For example, let’s say you hear on the news that drinking coffee is associated with developing heart disease, and - because you drink a lot of coffee - you decide to conduct a study to see if this is true.
First, you recruit 100 people that drink coffee and 100 people that don’t drink coffee, follow them for ten years, and then compare the number of people who developed heart disease in each group.
First, off you must really love coffee and be fairly wealthy to spend ten years studying it at the drop of a hat.
Now, let’s say that the proportion of people who develop heart disease in the coffee drinking group is - 50 out of 100, or 50% - and proportion of people who develop heart disease in the non-coffee drinking group - is 20 out of 100, or 20%.

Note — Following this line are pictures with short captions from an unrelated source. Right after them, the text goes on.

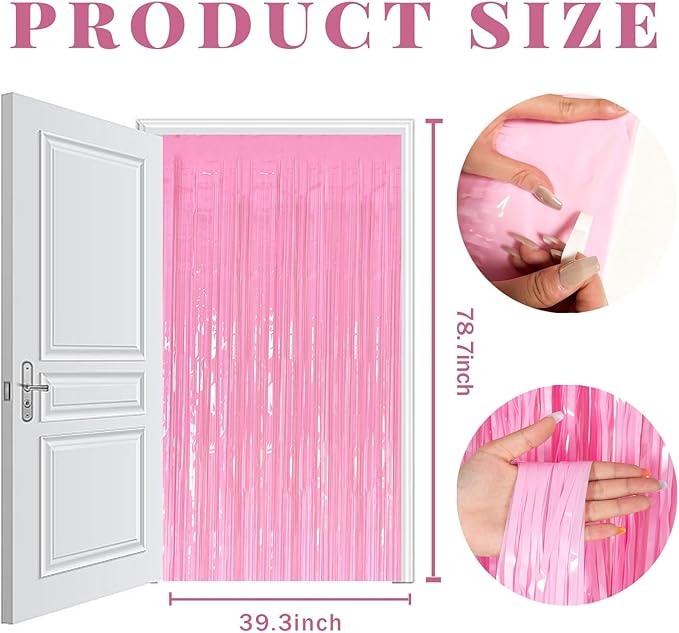 2 Pack Foil Curtain Pink Backdrop Streamers Metallic Tinsel Fringe Curtains Photo Booth Props for Birthday Wedding Engagement Bachelorette Christmas Holiday Celebration Party Decorations
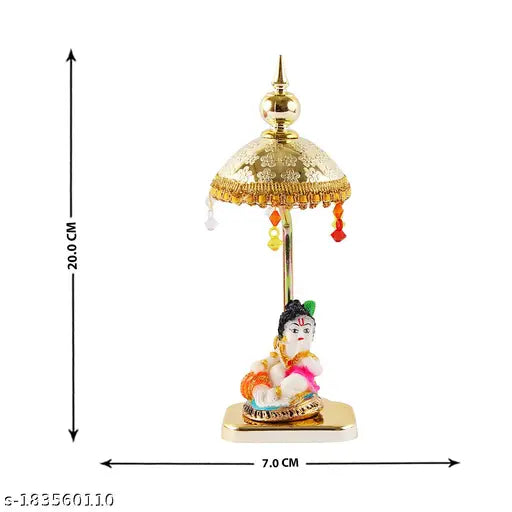 Marble & polyresin Ladu Gopal Ji with gold-plated colored umbrella - divine decor for home or office, Indian craftsmanship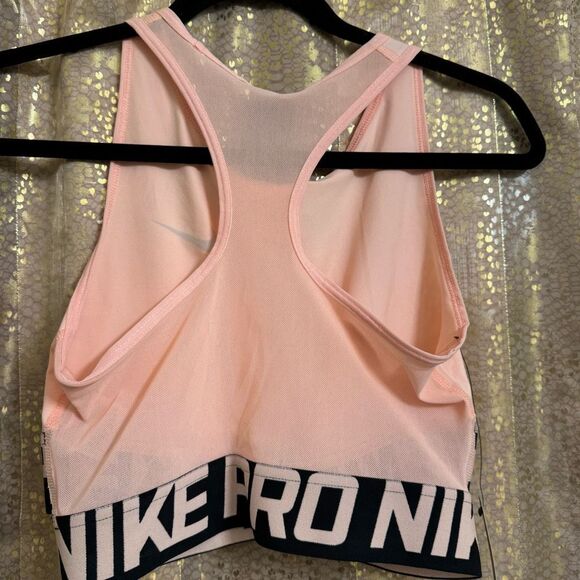 Nike Pro Intertwist Cropped Tank Top Black Light Pink Small NWT - Picture 2 of 13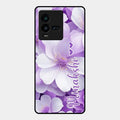 Awesome Purple Floral Glossy Customised Metal Case Cover For Iqoo 9T 5G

Comparing 50% and 20%, you get a relative risk of 2.5, meaning the risk of developing heart disease for people that drink coffee is 2.5 times the risk for people that don’t drink coffee.
The association between coffee drinking and heart disease can be represented by an arrow pointing from the exposure to the outcome.
The arrow represents a potential causal relationship - in other words, coffee drinking potentially causes the development of heart disease.
But does drinking coffee really cause heart disease? Maybe, or maybe there’s a mysterious third variable - like smoking - that’s confounding the relationship, or making it look like there’s an association when there really isn’t one.
To be considered a confounder, two conditions have to be met.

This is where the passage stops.